Per continuare a vivere o forse solo per regalarci un’illusione abbiamo sempre rimosso i morti, il dolore e le vittime, così il simbolo dell’11 settembre è stato rappresentato per anni dai mucchi di accendini e di tagliaunghie recuperati nelle borse di distratti passeggeri e ritirati con sguardi severi dagli addetti alla sicurezza degli aeroporti di tutto il mondo. Che la nostra preoccupazione prima di partire non dovesse più essere la meta, l’albergo, la vacanza, l’appuntamento di lavoro ma una serie di insignificanti dettagli mi è sempre sembrato il grande sintomo della capacità del terrorismo di cambiare le nostre vite. 
Poi ci hanno tolto, mese dopo mese, una città, una nazione, una destinazione turistica dalla carta geografica, rendendola mutilata e parziale. Prima ci sono state rinunce esotiche, il Pakistan, la Via della Seta, lo Yemen, poi hanno cominciato a scomparire il Sinai, il Kenya e il suo mare, la Tunisia, il deserto del Sahara, il mercato di Aleppo, le rovine di Palmira, la Giordania, intere porzioni d'Africa. Siamo arretrati, sempre più chiusi nel cortile di casa, e anche nel nostro condominio ci sono stati periodi in cui pensare di prendere la metro a Londra o Parigi era motivo d’inquietudine, qualcosa da evitare se possibile. 
Aerei, metropolitane, treni, adesso i bar, le terrazze, i concerti e lo stadio. L’ossigeno continua a diminuire, l’atmosfera si fa soffocante, ma in questi anni abbiamo continuato ad abituarci, abbiamo accettato di respirare con un solo polmone e raramente abbiamo alzato la voce. 
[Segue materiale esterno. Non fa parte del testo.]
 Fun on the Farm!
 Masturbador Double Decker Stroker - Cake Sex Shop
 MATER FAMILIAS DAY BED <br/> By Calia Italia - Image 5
Abbiamo cominciato a sospettare di ogni borsa lasciata incustodita o semplicemente dimenticata, abbiamo scrutato i vicini di posto sul volo delle vacanze, abbiamo temuto che in ogni gruppo di profughi o migranti si nascondesse un terrorista e abbiamo accettato passivamente di autoridurci la libertà. Quanti, in silenzio e senza dare troppa pubblicità alle loro paure, non sono andati a visitare la Sindone, Expo, il Museo Egizio o hanno rinunciato a correre una maratona o a seguire una messa del Papa. E quanti adesso si siederanno al tavolo della cucina per valutare se andare ancora alla partita, se portarci i bambini, se andare ad un concerto e ancora su quale possa essere la migliore via di fuga di ogni luogo e in ogni momento. Ma quando smetti di essere rapito da una rovesciata o di cantare a squarciagola una canzone perché sei preoccupato e ti guardi in giro cercando rassicurazioni, allora è davvero finita. 
A quel punto ti devi alzare e ricordarti che non sei solo, che vivi in un Continente di 750 milioni di persone, che se ti chiudi in casa sei finito. Che se il tuo Paese si chiude in casa è finito. Ti devi alzare e uscire, non rinunciare ma continuare a vivere, devi tenere accese le luci e non accettare che vengano spente. Devi pretendere che la nazione in cui vivi non si isoli nell’illusione di potersi salvare da sola, ma collabori con tutte quelle con cui condivide cultura e valori per dare vita a reti di controlli, intelligence e scambio di informazioni. Devi continuare ad avere pazienza per i controlli che dovrai subire, ma con il diritto di dire la tua quando appaiono stupidi, burocratici o inutili. 
Devi, anzi, dobbiamo avere il coraggio di amare i nostri valori, le nostre conquiste e le nostre tradizioni, non relativizzando e sbiadendo ogni cosa per un falso rispetto degli altri; dobbiamo chiamare le cose con il loro nome, denunciando l’estremismo, il fanatismo e la follia religiosa; dobbiamo avere la capacità e la lucidità di distinguere tra chi è pericoloso e chi è in pericolo e dobbiamo avere la forza di includere e dialogare. 
Ma soprattutto dobbiamo avere memoria: in un tempo in cui abbiamo paura di tutto, in cui ci sentiamo deboli e spaventati perché non abbiamo la sicurezza di un futuro di benessere, potrebbe aiutarci ricordare che abbiamo sconfitto il nazismo e a casa nostra anche il terrorismo e che senza piegarci abbiamo ricominciato a vivere.